LONDON (Reuters) - Britain’s Financial Reporting Council (FRC) has opened a second investigation into how accounting firm KPMG audited the books of collapsed UK construction company Carillion, the watchdog said on Tuesday.
The FRC said that KPMG, one of the world’s “Big Four” accounting firms, “self reported” additional material related to Carillion’s audit for year-end 2016.
The audit for that year was one of 160 company audits in the FRC’s routine annual quality review.
KPMG said on Tuesday it was reviewing its response to the FRC’s quality review of Carillion’s 2016 audit after concerns were identified in connection with a small number of documents provided to the FRC.
“On discovery of this information, we immediately reported our findings to the FRC,” KPMG said.
The accounting firm said it stood by its “conclusions” for Carillion’s audit for that year and it has reached no conclusion regarding individual responsibility.
KPMG has engaged outside counsel to investigate the circumstances of the quality review and the conduct of individuals involved.
The watchdog said last year that it was investigating KPMG’s audits of Carillion for 2014-2017 and the conduct of two former finance directors, Richard Adam and Zafar Khan. The second investigation was opened in November and made public on Tuesday.
“The FRC continues to progress its original investigations in relation to the collapse of Carillion in conjunction with other regulators,” the watchdog said in a statement.
“A key area of focus has been the financial performance of Carillion’s major contracts in both the construction and services divisions, and whether Carillion management and its auditors ensured that this was appropriately reported in its financial statements.”
“The investigations are also considering conduct relating to pension liabilities, goodwill, cash disclosures and going concern,” the FRC said.

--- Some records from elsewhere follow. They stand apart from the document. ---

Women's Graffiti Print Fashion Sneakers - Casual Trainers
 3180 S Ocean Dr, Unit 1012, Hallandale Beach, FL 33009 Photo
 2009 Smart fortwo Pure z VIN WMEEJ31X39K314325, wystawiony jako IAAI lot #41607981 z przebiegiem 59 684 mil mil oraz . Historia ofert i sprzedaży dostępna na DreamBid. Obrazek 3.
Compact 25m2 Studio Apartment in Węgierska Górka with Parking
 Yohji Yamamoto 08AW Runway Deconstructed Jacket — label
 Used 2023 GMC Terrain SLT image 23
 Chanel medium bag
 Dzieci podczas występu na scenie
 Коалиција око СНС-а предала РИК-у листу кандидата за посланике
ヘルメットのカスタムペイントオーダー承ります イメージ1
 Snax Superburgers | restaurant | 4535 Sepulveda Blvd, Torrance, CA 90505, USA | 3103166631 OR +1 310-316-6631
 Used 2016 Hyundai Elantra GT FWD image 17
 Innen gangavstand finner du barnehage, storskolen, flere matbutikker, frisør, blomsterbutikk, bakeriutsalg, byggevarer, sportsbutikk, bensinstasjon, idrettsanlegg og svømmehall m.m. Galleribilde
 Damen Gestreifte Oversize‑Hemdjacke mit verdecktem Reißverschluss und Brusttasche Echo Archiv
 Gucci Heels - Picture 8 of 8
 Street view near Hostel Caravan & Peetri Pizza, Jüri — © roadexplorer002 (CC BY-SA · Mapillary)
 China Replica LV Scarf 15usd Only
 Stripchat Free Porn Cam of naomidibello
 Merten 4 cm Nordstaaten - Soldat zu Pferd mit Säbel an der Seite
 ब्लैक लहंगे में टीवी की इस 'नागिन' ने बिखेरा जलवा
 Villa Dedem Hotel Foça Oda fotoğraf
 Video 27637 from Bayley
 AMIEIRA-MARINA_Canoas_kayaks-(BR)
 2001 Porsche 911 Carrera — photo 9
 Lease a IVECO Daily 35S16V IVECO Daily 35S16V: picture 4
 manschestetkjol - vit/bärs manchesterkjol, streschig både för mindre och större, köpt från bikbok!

A second investigation piles more pressure on KPMG in a sector that is already in the political spotlight.
Carillion’s collapse angered lawmakers who called on the Competition and Markets Authority to consider breaking up the “Big Four” accountants to increase competition and audit quality.
It also raised questions about the FRC’s ability to police accounting firms quickly and effectively.
Last month two government-sponsored reports recommended replacing the FRC with a new watchdog, and forcing large, listed companies in Britain to hire two auditors.
The FRC said it was committed to completing its investigations promptly and thoroughly.